The doctors talked about a possible cure for shared psychotic disorder.  What’s the cure. Separation from the crazy person in the house.  Separation. Cole (Auggie’s brother) got separation.  And he survived.  Auggie didn’t.  He was a living with his dad at the time this happened.

Let me tell you one reason, I know he’s crazy.  And you should know too. To choose DeLaney for something like this.  To show that Edward DeLaney represents the powers of society hurting little people is absolutely ridiculous and crazy. The DeLaney name is a prominent name in our community.  And he and his wife have fought hard for people’s rights.  For the rights of the accused. For the downtrodden. For the little people. That’s his reputation.  The name DeLaney stands for justice in this community. It stands for helping people fight government.  Not hurting people.  In [Auggie’s] crazy mind he thought he was a bad man.  But he’s not.  Far from it.  If you were going to pick a legislator to go after you wouldn’t pick Edward Delaney for oppressing small little people or using his position to hurt families.  That’s the antithesis of who that man is and what that family name means.  His wife has worked hard for the rights of person [sic] who are victims of domestic violence.  He has stood up for the rights of people and the rights of the accused and the rights of the mentally ill and the disabled time and time again.  That’s who he is.  How did they pick him of all the people that he’ could pick.  Because he’s sick.  And if the name DeLaney means anything in my opinion it stands for, in our community, doing the right thing.  Doing the right thing….

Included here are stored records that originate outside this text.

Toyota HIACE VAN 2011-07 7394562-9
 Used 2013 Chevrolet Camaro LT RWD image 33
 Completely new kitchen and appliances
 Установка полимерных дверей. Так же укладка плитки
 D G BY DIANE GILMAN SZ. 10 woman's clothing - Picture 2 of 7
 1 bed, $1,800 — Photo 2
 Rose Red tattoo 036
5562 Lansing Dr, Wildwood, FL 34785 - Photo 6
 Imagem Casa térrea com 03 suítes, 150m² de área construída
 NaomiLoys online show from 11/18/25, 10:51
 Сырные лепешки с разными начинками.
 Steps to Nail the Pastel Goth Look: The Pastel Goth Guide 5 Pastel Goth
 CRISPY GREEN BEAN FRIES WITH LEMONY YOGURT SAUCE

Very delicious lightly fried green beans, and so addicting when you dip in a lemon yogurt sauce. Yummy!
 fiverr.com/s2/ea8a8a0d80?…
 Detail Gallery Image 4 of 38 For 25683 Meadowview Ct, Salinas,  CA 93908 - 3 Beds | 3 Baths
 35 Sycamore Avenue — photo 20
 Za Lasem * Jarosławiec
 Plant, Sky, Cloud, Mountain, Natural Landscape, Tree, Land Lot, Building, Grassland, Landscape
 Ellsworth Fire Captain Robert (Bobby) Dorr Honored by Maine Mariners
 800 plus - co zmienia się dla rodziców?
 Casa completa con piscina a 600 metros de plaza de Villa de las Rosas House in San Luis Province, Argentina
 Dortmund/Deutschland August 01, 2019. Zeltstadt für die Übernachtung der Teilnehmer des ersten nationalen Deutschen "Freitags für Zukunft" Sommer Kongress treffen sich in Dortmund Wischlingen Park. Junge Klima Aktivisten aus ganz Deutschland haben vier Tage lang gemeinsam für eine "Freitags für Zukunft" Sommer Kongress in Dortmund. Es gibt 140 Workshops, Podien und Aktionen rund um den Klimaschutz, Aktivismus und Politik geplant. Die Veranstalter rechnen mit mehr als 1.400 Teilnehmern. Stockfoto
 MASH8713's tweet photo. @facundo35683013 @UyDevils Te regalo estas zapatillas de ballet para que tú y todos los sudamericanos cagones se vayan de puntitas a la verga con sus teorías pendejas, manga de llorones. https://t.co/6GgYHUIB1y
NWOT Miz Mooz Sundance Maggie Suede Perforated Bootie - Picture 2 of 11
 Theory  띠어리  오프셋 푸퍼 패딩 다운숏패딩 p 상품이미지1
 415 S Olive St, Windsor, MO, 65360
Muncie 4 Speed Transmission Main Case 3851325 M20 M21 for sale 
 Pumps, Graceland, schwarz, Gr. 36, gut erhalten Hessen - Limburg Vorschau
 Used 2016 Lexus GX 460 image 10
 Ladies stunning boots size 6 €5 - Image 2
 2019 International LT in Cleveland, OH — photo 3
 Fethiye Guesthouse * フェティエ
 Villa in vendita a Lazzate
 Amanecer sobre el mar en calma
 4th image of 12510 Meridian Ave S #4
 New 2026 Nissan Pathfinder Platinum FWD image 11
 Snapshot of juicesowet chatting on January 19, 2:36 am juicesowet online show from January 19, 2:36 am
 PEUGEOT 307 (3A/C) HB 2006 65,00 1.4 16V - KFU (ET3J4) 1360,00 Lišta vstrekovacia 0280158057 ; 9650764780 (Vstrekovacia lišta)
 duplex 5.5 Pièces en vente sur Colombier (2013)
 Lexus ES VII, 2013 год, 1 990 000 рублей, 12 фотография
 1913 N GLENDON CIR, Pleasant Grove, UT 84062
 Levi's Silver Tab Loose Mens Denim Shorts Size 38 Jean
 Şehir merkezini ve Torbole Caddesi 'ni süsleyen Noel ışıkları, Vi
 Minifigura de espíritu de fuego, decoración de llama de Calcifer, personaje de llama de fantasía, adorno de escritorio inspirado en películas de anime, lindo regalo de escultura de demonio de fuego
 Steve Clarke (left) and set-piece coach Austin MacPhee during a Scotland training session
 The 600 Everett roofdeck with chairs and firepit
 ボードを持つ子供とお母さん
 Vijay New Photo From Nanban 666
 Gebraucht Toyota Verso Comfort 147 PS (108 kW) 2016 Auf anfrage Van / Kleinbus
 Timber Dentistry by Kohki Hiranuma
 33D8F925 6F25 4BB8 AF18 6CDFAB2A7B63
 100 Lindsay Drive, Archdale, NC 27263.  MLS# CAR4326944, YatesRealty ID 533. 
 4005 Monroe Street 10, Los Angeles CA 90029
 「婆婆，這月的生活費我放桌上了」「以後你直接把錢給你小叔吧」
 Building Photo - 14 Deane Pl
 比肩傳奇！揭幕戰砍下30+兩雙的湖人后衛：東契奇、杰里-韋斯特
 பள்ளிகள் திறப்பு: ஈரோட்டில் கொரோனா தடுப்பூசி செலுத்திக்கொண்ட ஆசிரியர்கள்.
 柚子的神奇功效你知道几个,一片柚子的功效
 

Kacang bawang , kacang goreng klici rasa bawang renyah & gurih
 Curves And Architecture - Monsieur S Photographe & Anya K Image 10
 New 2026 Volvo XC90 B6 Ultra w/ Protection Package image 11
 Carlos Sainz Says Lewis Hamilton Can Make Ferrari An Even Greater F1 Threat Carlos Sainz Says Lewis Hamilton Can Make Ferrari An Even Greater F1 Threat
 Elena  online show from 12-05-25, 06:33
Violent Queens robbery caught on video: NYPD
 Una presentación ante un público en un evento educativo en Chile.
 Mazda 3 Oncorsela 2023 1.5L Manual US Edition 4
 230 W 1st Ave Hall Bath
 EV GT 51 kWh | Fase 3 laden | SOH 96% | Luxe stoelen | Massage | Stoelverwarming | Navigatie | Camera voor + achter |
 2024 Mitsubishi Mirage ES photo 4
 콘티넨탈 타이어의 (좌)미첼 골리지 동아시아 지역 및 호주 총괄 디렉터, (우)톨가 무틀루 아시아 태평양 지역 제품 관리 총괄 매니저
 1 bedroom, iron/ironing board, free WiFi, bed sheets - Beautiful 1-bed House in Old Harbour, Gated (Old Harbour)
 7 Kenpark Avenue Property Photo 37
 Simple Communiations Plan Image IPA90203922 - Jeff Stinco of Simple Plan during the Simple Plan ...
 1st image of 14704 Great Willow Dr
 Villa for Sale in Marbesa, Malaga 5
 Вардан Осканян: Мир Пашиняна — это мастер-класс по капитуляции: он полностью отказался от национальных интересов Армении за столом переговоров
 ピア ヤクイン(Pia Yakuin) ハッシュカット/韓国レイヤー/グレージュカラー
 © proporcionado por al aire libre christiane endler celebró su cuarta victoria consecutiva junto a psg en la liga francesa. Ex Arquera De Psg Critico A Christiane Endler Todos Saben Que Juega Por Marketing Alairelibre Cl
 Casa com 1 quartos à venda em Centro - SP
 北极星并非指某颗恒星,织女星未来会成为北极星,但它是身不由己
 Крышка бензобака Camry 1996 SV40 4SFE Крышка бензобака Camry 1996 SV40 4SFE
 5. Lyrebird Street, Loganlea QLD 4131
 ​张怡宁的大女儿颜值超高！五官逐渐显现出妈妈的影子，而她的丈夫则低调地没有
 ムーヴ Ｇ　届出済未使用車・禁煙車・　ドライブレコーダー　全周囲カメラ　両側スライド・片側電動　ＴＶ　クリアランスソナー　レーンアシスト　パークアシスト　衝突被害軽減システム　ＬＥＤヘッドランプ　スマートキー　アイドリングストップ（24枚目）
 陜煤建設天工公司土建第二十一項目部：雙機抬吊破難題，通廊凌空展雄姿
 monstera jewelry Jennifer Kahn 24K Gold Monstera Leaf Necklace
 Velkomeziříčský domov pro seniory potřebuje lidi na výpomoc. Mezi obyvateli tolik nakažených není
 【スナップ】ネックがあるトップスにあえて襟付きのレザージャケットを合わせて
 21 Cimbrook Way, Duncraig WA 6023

The final argument, viewed in isolation, makes one wonder who Crawford represents. But the argument is consistent with Crawford’s aggressive pursuit of insanity on behalf of his client.  It could well be that Auggie insisted on total exoneration for his actions, which could have only been achieved with the insanity defense.  In the end, the jury did find Auggie guilty but mentally ill, a designation though which did not really help in term of the length of his sentence. 

Some quick clarifications and corrections to Crawford’s final argument quoted above.  As already noted, while Auggie was living with his father at the time of the incident, that was only a recent development.  The injunction civil case Delaney filed against Mendenhall on behalf of his client, property owner DeBartolo Corporation, lasted for more than “two months.”  Finally, Goldsmith certainly did not take over that injunction case from DeLaney (although the assertion highlights how the two lawsuits were essentially aimed at the same goal.)  Goldsmith, in his role as Marion County Prosecutor, pursued, quite aggressively, a separate civil forfeiture case against Burke.